Geleneksel uluslararası ilişkiler yaklaşımında devletin egemen aktör olduğu ve bireyin bir aktör olarak kabul edilmediği bilinmektedir. Ancak Arı’nın (2010: 41) da belirttiği gibi, “uluslararası ilişkilerde giderek yaygınlaşan liberal/plüralist yaklaşıma göre artık uluslararası ilişkiler çok aktörlü bir yapıdır ve bu yapı içinde birey de diğerleri gibi önemli bir aktördür.” Buradan hareketle günümüz uluslararası ilişkilerde bazı devletlerin politikacılarının ön planda olması ve diplomasiye yön vermesi uluslararası ilişkilerde bireylerin önemli birer aktör olduğunu göstermektedir.

Günümüzde devletler ve bireylerin dışında, dış politika ve diplomasiye yön veren hükümet dışı kuruluşların, uluslararası ve bölgesel kuruluşların, çokuluslu şirketlerin ve ulusaşırı örgütlerin varlığı bilinmektedir. Bu tür yapılanmaların özellikle dış politikanın oluşmasına ve uygulanmasına yapıcı biçimde katkıda bulundukları gözlemlenmektedir. Örneğin BM, AB, NATO gibi uluslararası örgütlerin uluslararası ilişkilerde karar alıcıları doğrudan veya dolaylı olarak etkileyen önemli aktörler arasında yer aldığı görülmektedir. Dolayısıyla uluslararası siyasal iletişimin devletlerden bağımsız, çok aktörlü olarak işleyen bir yapı haline geldiği söylenebilir.

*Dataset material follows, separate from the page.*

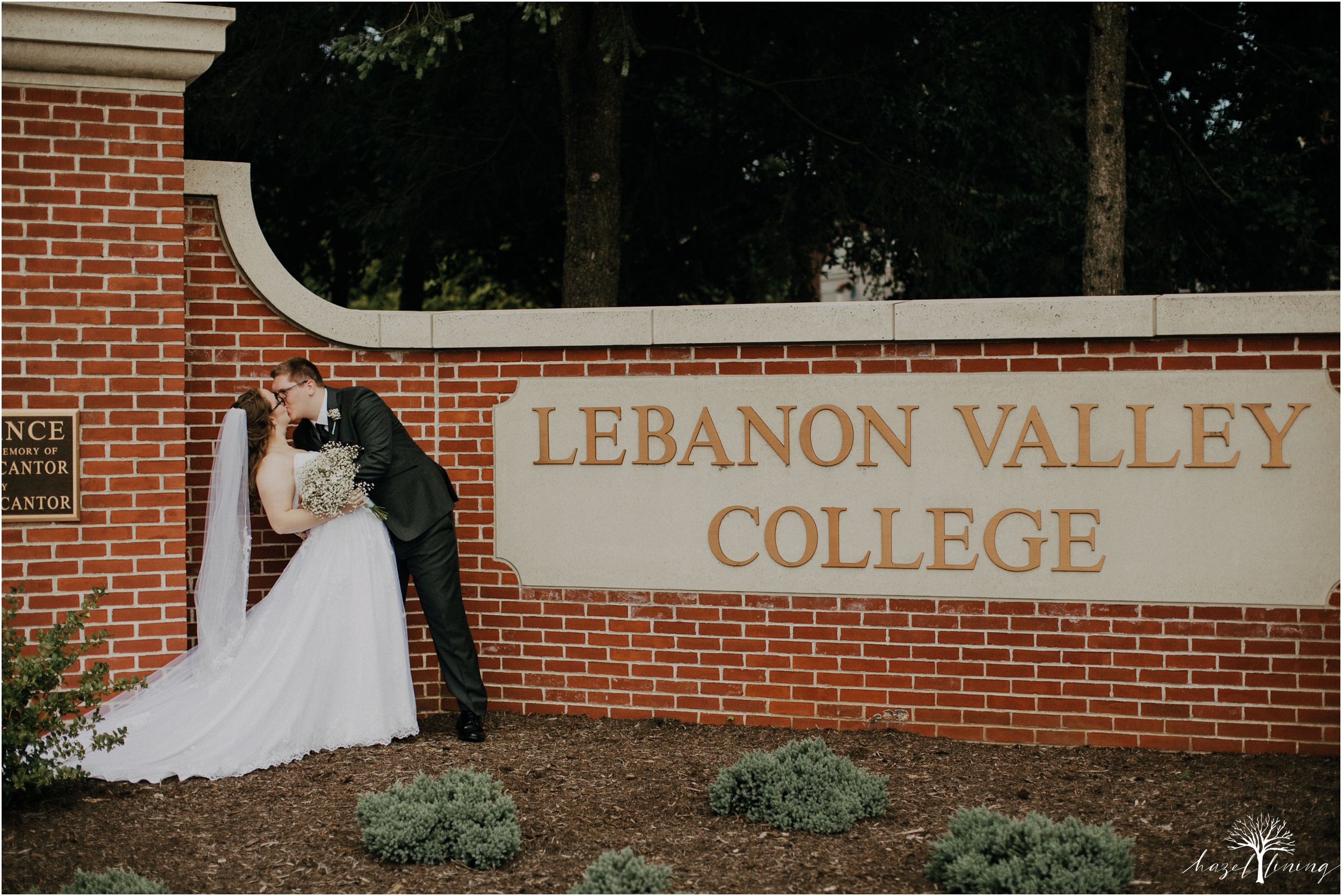 laura-zach-mccaskill-harmony-hall-lebanon-valley-college-summer-wedding-hazel-lining-photography-destination-elopement-wedding-engagement-photography_0094.jpg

Günümüzde uluslararası politikalar uygulanırken kamuoyunun politikaları kabul etmesi ve halkın rızasını üretebilme amacıyla bu politikaların genellikle kitleler önünde açıkça ifade edildiği görülmektedir. Bu doğrultuda rızanın üretilebilmesi kavramını ilk kez kullanan düşünür olarak Lippmann (1997: 158), aslında bunun yeni bir kavram olmadığını yalnızca tekniğinin geliştirdiğini belirtmiş ve kamuoyunun rızanın üretildiği araç olduğunun altını çizmiştir. Chomsky (1989: 33) ise rızanın üretilmesi ile ilgili olarak “kamu zihninin kontrol edilmesi” şeklinde ifade kullanmıştır. Bu kapsamda demokrasi ile yönetilen ülkelerde politikalar uygulanırken halkın rızasına başvurulmaktadır. Domenach’ın (2003: 121) “gerçek bir demokrasi ancak halkın her şeyden haberdar edildiği, toplumsal yaşamı tanımaya, ona katılmaya çağrıldığı yerde var olabilir” sözü ile demokrasilerde politikaların uygulanırken halkın rızasına başvurulmasının meşruiyet sağlayacağı yönünde bir çıkarım yapılabilir.